In 2009 Massachusetts adopted the guardianship portion of the Uniform Probate Code. The result is a process whereby providers treating patients without health care proxies often have to seek judicial appointment of a medical guardian for ordinary care decisions for incapacitated patients, and they must return to courts for additional approvals on certain subsequent decisions such as transfers to nursing homes. This bill would seek to improve medical decision-making processes for incapacitated patients by creating guidelines whereby their attending physicians could appoint surrogate decision-makers for non-extraordinary medical decisions for patients lacking health care proxies or MOLST forms. Nothing in this bill would change the process for any patient with a health care proxy or any patient with a MOLST form. This would be an alternative option for certain cases headed down the path towards judicial appointment of a medical guardian. If for example, a patient presents to a local hospital incapacitated due to a stroke, and that person has not executed a health care proxy, an attending physician could appoint per this new process a family member or close friend as the surrogate decision maker—according the criteria laid forth in the statute—to make most medical decisions so long as they conform to the protections laid out in the bill. 

This bill has contains several amendments from last session’s version. This bill makes clear that the authority of a duly appointed surrogate decision maker via this legislation would include the ability to make decisions related to admissions to nursing facilities, but it would not provide the ability to make decisions related to transfers to inpatient mental health facilities. Because of the court decision Rogers v. Commissioner of the Department of Mental Health and statutory developments related to substituted judgment decisions, we think it is prudent to carve out authority to make decisions regarding these mental health facility admissions so that we do not create a situation where a surrogate decision maker could authorize a transfer to a mental health facility, but would not be able make decisions regarding the care provided at such a facility. This bill also limits the authority of the surrogate decision-maker to make “extraordinary decisions”- those interpreted by Massachusetts law of being of most severity. In those cases, judicial appointment of a medical would remain the legal process. Additionally, we propose the addition of procedural safeguards for patients who actively refuse care while lacking decisional capacity.

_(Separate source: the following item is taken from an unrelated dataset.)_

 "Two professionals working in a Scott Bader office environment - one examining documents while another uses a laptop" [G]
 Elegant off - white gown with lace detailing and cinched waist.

We now have growing evidence that this bill would work. Two major academic teaching hospitals have now looked at this bill, and gone back through charts where they had to seek judicial appointment of medical guardians. The chart review showed that when hospitals had to go through judicial guardianship appointments, half of the guardians who were appointed by the court matched the criteria for the proposed statute, demonstrating that this bill would cut red tape and significantly reduce time and resources of the courts with the same positive results for hundreds of guardianship cases at hospitals every year.

Specifically, this bill would reduce the several-day-delay that takes place when hospital attorneys need to seek judicial appointment of medical guardians. In the instance of a patient ready to move to a skilled nursing facility, for example, keeping them unnecessarily in a hospital bed wastes money, and it keeps the patient in an acute care hospital where the team that will provide rehabilitation does not have access to the patient. 

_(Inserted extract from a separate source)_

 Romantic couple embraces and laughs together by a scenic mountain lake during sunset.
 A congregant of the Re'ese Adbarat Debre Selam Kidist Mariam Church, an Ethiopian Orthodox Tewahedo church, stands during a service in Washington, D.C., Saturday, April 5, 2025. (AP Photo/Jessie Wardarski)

In sum, we urge your support of this bill, which we believe will significantly improve the medical decision-making processes for patients without health care proxies.

Lastly, the Medical Society notes that this bill would only work for patients who are fortunate enough to have family or close friends that are capable of serving as a surrogate decision-maker for them. We know that this would still leave a vulnerable subset of patients without proper surrogates. For these reasons, we also support House bill 3027, An Act to establish the office of adult guardianship and decisional support services, which would create an office to facilitate a network of skilled, trained, volunteers to serve as surrogate decision-makers. We believe that this would complement our bill nicely, and together they would substantially improve medical decision-making in the Commonwealth.

Currently, only six other states in the country do not have a priority list of surrogates for incapacitated patients without health care proxies. We believe that this would be an important step towards promoting safe, prompt, and efficient authorization of proper medical care for patients who lack capacity.